HSBC, BNP and Orange spoke about a successful proof of concept they carried out which demonstrated the value of using ISO XML messages (specifically Swift Bank-to-Customer Cash Management messages – CAMT 52, 53 and 54 message IDs) passed over Swift to carry more remittance information than is possible across existing bank infrastructures. Clearing systems are often restricted to just 18 characters of information. Even the modern SEPA system allows just 140 characters – good enough for Twitter, but not fit for purpose in the remittance world.

Payments that are stripped of valuable remittance information as they pass through the banking system make it difficult for corporates to reconcile the receipt to the invoice. This presents a challenge for Orange which receives high volumes of payments from its customers.

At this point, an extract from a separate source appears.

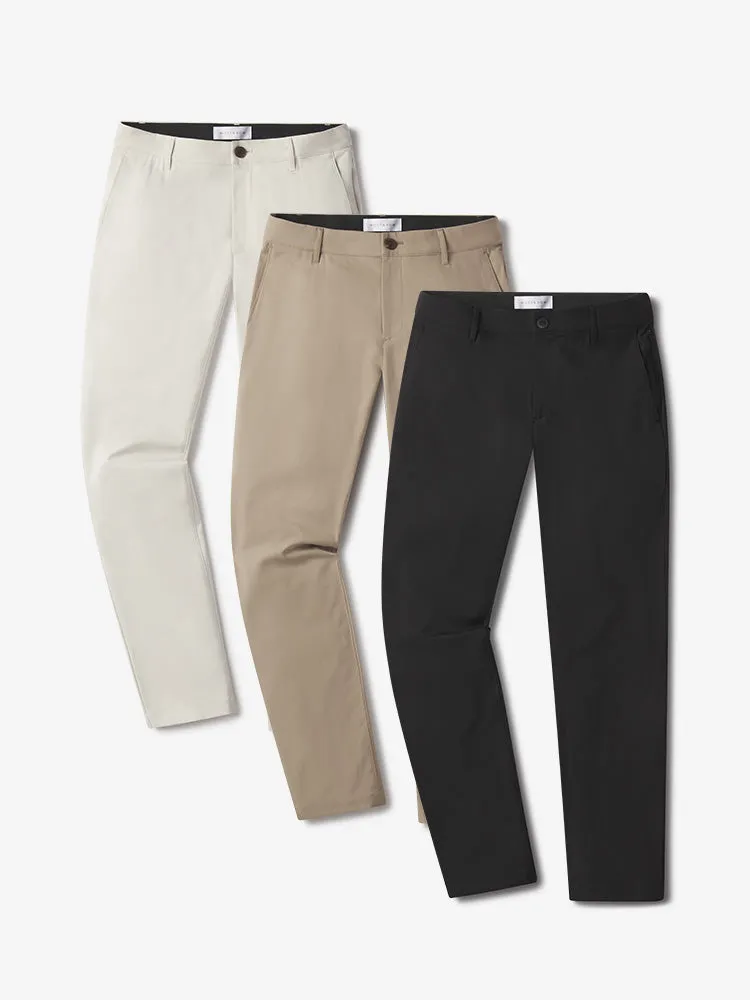 Slim Tech Pants 3-Pack sold by Mott & Bow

Seeing an opportunity to improve the process, Orange, HSBC and BNP carried out a proof of concept whereby the corporate remitter (the company paying the invoice) sends a rich XML payment instruction that is split into two.  The payment itself goes through the existing banking system to create the cash movement. The rich XML remittance information is sent over Swift to the corporate. The sending and receiving banks collaborate to ensure the file exchange works and make use of the CAMT messages to pass on the ERI. This allows Orange to more easily identify what the bank receipt of funds relates to, essentially by matching the payment to the rich CAMT message key identifiers, such as invoice number and reference in the incoming message. 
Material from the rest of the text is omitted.